#' @title Negative Predictive Value
#' @name npv
#' @description \code{npv} estimates the npv (a.k.a. positive predictive
#' value -PPV-) for a nominal/categorical predicted-observed dataset.
#' @param data (Optional) argument to call an existing data frame containing the data.
#' @param obs Vector with observed values (character | factor).
#' @param pred Vector with predicted values (character | factor).
#' @param atom Logical operator (TRUE/FALSE) to decide if the estimate is made for
#' each class (atom = TRUE) or at a global level (atom = FALSE); Default : FALSE.
#' @param pos_level Integer, for binary cases, indicating the order (1|2) of the level
#' corresponding to the positive.

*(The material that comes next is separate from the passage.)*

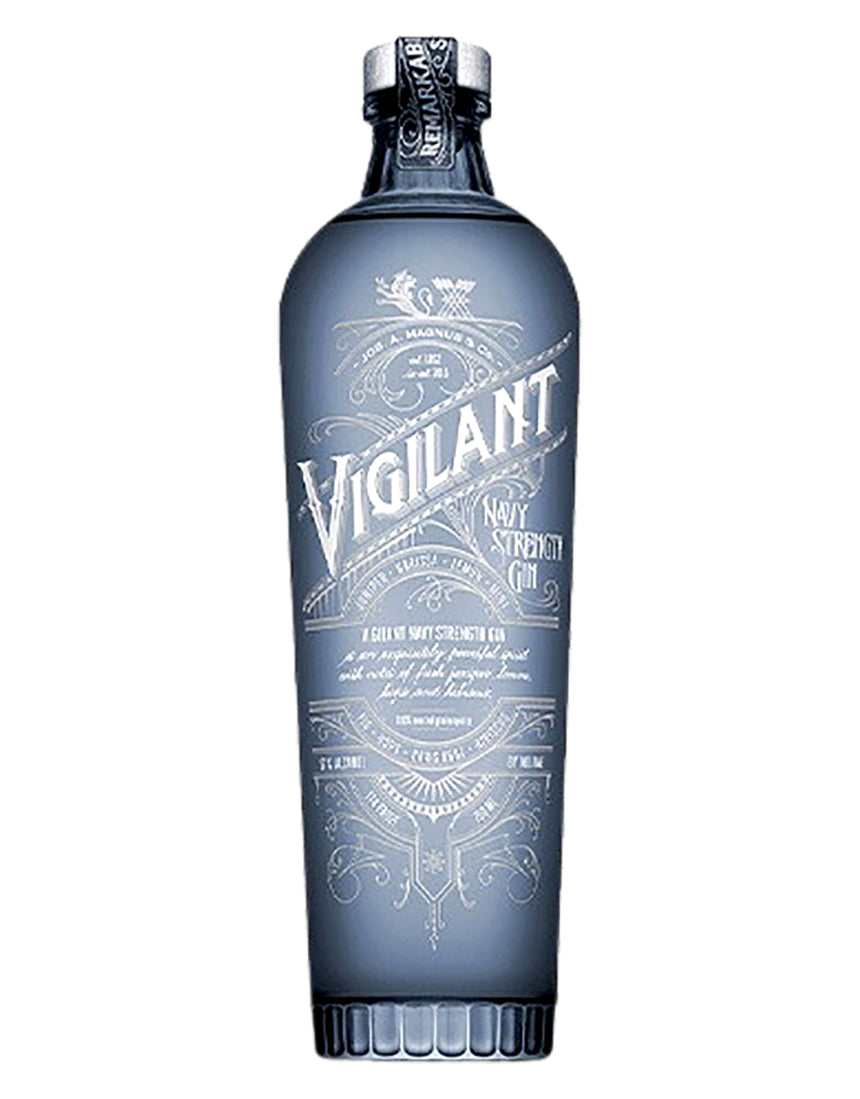Vigilant Navy Strength Gin - Vigilant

Generally, the positive level is the second (2)
#' since following an alpha-numeric order, the most common pairs are
#' `(Negative | Positive)`, `(0 | 1)`, `(FALSE | TRUE)`. Default : 2.
#' @param tidy Logical operator (TRUE/FALSE) to decide the type of return. TRUE
#' returns a data.frame, FALSE returns a list; Default : FALSE.

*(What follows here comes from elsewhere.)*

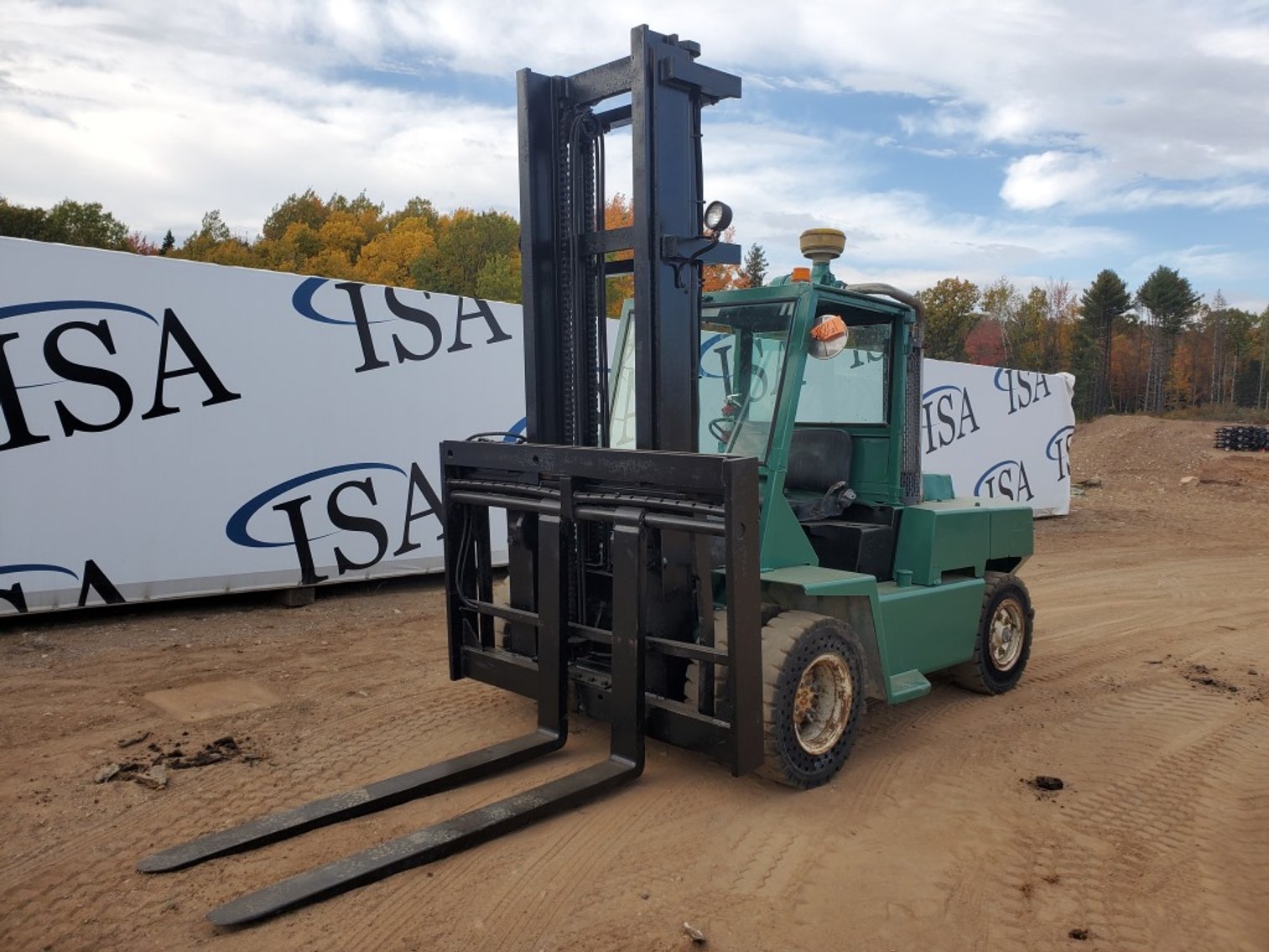 Clark C500 Forklift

#' @param na.rm Logic argument to remove rows with missing values
#' (NA). Default is na.rm = TRUE.
#' @return an object of class `numeric` within a `list` (if tidy = FALSE) or within a
#' `data frame` (if tidy = TRUE).
#' @details The npv is a non-normalized coefficient that represents the
#' ratio between the correctly predicted cases (or true positive -TP- for binary cases)
#' to the total predicted observations for a given class (or total predicted positive
#' -PP- for binary cases) or at overall level.
#'
#' For binomial cases, \eqn{npv = \frac{TP}{PP} = \frac{TP}{TP + FP} }
#'
#' The \code{npv} metric is bounded between 0 and 1. The closer to 1 the better.
#' Values towards zero indicate low npv of predictions. It can be estimated
#' for each particular class or at a global level.
#'
#' The false omission rate (FOR) represents the proportion
#' of false negatives with respect to the number of negative predictions (PN).
#'
#' For binomial cases, \eqn{FOR = 1 - npv = \frac{FN}{PN} = \frac{FN}{TN + FN} }
#'
#' The \code{npv} metric is bounded between 0 and 1. The closer to 1 the better.
#' Values towards zero indicate low npv of predictions.
#'
#' For the formula and more details, see
#' [online-documentation](https://adriancorrendo.github.io/metrica/articles/available_metrics_classification.html)
#' @references
#' Wang H., Zheng H. (2013).
#' Negative Predictive Value.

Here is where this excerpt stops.